The result of the general election seems to have rocked the political status quo in Ireland. For nearly a century either Fianna Fáil or Fine Gael have governed this country and been the dominant forces of Irish politics.
Sinn Féin are now serious challengers as they won 24.5% of the vote, but the mandate they received has not been accepted by Fianna Fáil or Fine Gael.
Neither party will enter talks with SF citing that they are unfit for government due to their economic policies and the party’s history and legacy from the Troubles. FF claim that “shadowy” figures from the armed struggle continue to control SF. The outgoing Taoiseach Leo Varadkar continued the hysteria by describing SF planned post-election rallies as part of a “campaign of intimidation”. All parties have skeletons in their closets as the Mahon, Flood, and Moriarty Tribunals exposed.
The Good Friday Agreement signed in 1998 thankfully brought an end to the Troubles and SF played a pivotal role in bringing an end to the conflict.
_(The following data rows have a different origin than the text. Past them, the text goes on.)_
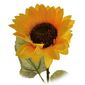 Штучна квітка Соняшник жовтий, 68 см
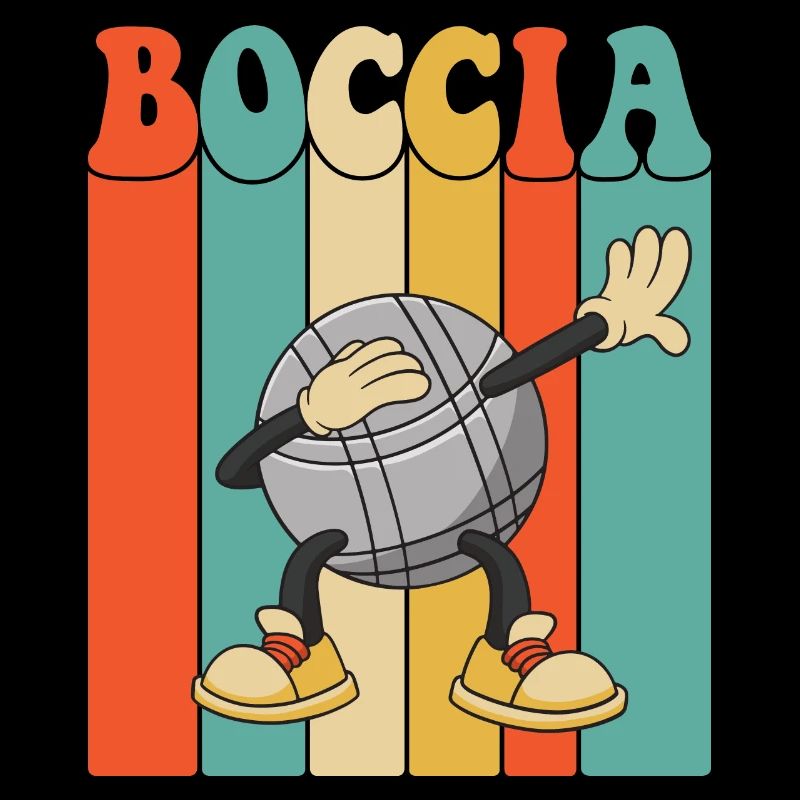 Boccia player dabbing boccia ball with boccia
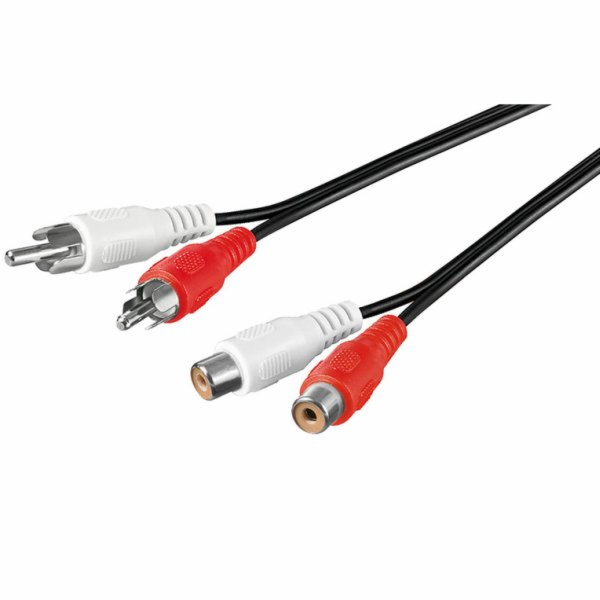 PREMIUMCORD Kabel prodlužovací audio 2x Cinch - 2x Cinch ...
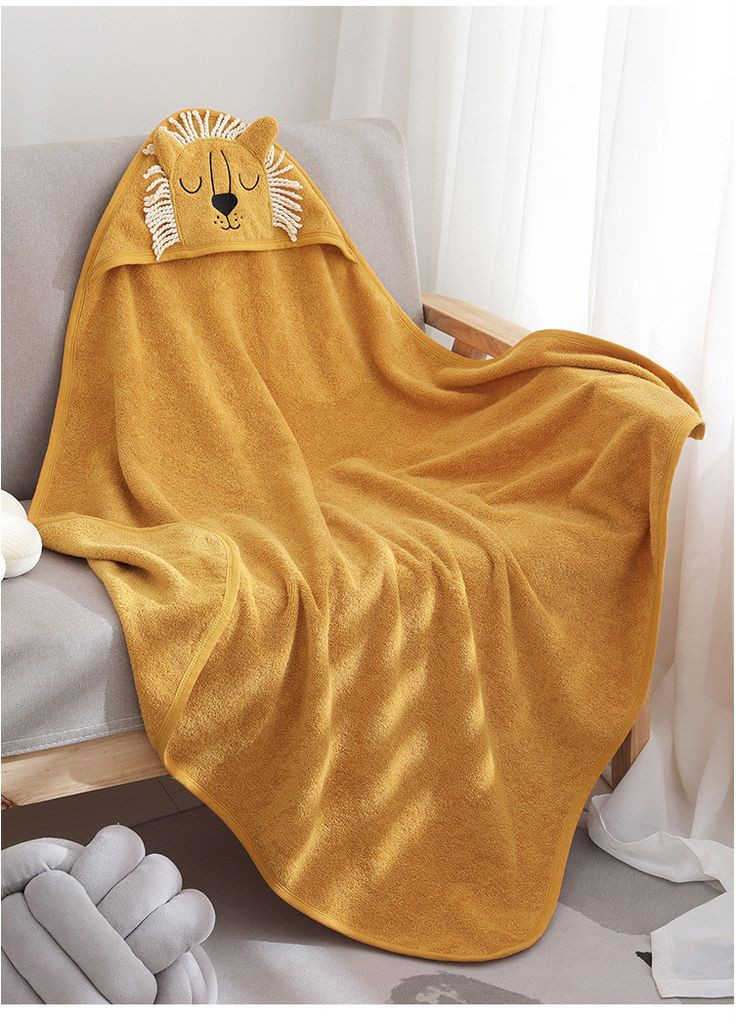 Дитячий рушник з капюшоном/куточком (левеня) No Brand комбінований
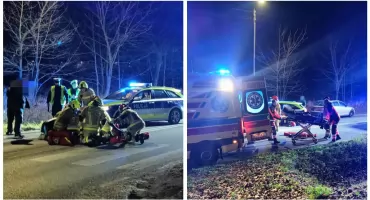 Dziecko potrącone na pasach trafiło do szpitala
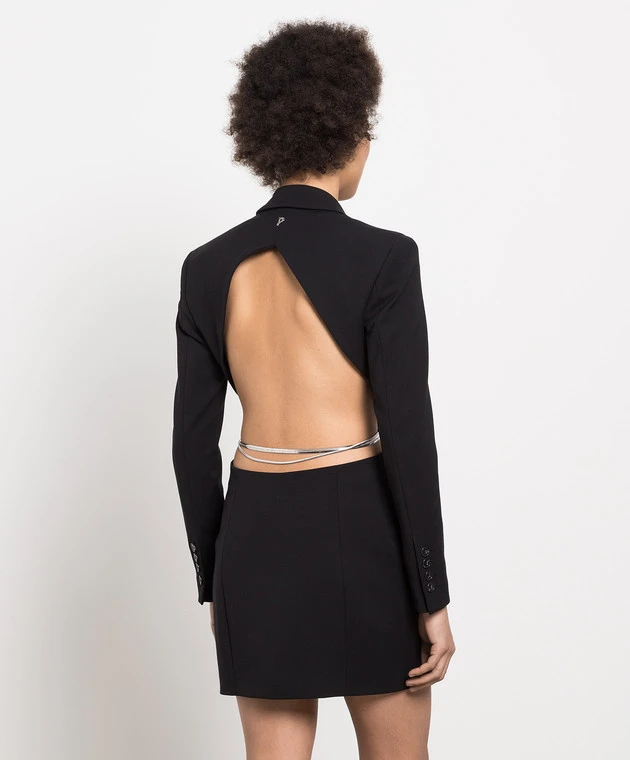 Dondup Black Dress-jacket With An Open Back 4 Dondup Black Dress-jacket With An Open Back - Image 4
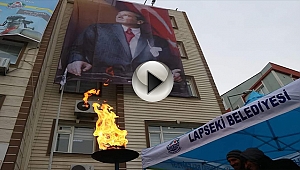 LAPSEKİ DOĞALGAZA KAVUŞTU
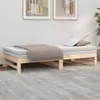 vidaXL Lit de jour extensible 2x(90x190) cm Pin massif Voir les images du produit 4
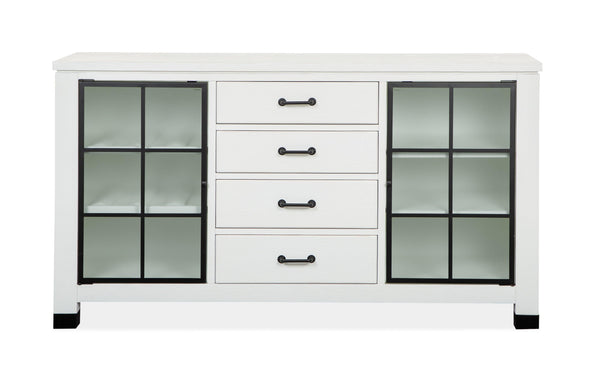 Magnussen Furniture - Harper Springs - Buffet - Silo White - 5th Avenue Furniture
Since the collapse of Stormont in 2017 both FG and FF have been demanding SF go back into government in the North. They are good enough to be in government in the North, but they are unfit to be part of any government in the Republic. SF are accepted in a power-sharing Stormont assembly by the DUP, SDLP, and Alliance Party.
These parties may have very different ideologies and cultural narratives, but they share power and work together for the benefit of all communities in the North.
All parties are working collectively to build a society where difference is accepted and respected. The power-sharing government is supported by the EU, Irish and British governments and all political parties in the Republic.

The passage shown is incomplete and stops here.